Robert Reidy Cullinane, who lived most of his life in Princeton, N.J. and Washington, D.C., died in Princeton on Nov. 11, 2019, at the age of 71.
Born in Washington, D.C. in 1948, Mr. Cullinane was the fifth and youngest son of Leo P. and Lucia Cullinane. A celebrated journalist, Leo Cullinane served as a correspondent for the New York Herald Tribune from the late 1920’s to the 1950’s. For many years before and after World War II, he covered the White House and got to know Franklin Delano Roosevelt in the New Deal era. During the war, when he served as a correspondent in the South Pacific, he wrote portraits of some of the country's top military leaders, including General Douglas MacArthur and Admirals Chester W. Nimitz and William F. Halsey.
Through his father, Robert Cullinane met several historical figures, including Edith Bolling Galt Wilson, better known as Mrs. Woodrow Wilson. Impressed by young Robert’s extraordinary knowledge of the late President of Princeton, Governor of New Jersey, Nobel Peace Prize Winner, and 28th President of the United States, Edith Wilson invited him to visit her almost weekly at the Wilson house on S Street in Washington. The president’s widow had a guiding influence on his life and bequeathed to him a number of the president’s personal possessions. Moreover, Mrs. Wilson steered the young Mr. Cullinane to Princeton University, where he became a member of the Class of 1970.
Thirty years after graduating from Princeton, Mr. Cullinane returned to the University and spent the last two decades there as a writer working in institutional development and stewardship. Part of his job under the auspices of the Office of the Recording Secretary was to write inscriptions in English, Latin, Irish, and other languages. Carved in limestone, granite, bronze, and brass, they are scattered across the campus—in the Chapel, courtyards, plazas, and dormitories.

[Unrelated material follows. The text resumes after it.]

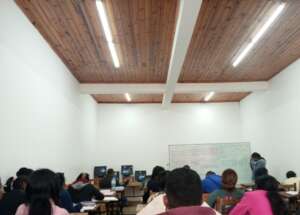 Youth in a university classroom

Before returning to Princeton as an employee, Mr. Cullinane earned an M.A. in History at the University of Virginia. He then worked for Benjamin Read, first director of the Woodrow Wilson International Center for Scholars. Among other assignments, he researched the writings of Woodrow Wilson for inscriptions appropriate for the prospective new headquarters of the center near the National Archives in Washington. In addition, he was employed by the National Trust for Historic Preservation, the Smithsonian, and for James Billington, the Librarian of Congress and a former professor of history at Princeton. At the time of his death, Mr. Cullinane was an associate trustee of the Woodrow Wilson Presidential Library.
Mr. Cullinane is survived by four brothers—Leo Patrick Cullinane, Jr., of Washington, D.C; Anthony J. and Eugene J. Cullinane of Chevy Chase, MD; and Michael T. Cullinane of Harpers Ferry, VA.—as well as by several nieces and nephews. He will be buried in Princeton Cemetery.
George L. Bustin, co-president of the Class of 1970 and a Princeton-area resident, described Robert Cullinane as “exceptionally esteemed by his friends and classmates.” Three of his closest friends and classmates were with him as he died peacefully within the sound of the bell in Nassau Hall on Veterans Day or Armistice Day—a day of profound significance to his lifelong hero, Woodrow Wilson, a member of the Princeton Class of 1879.
Memorial Contributions may be made to Princeton Hospice.
A Memorial Service will be scheduled for the Spring.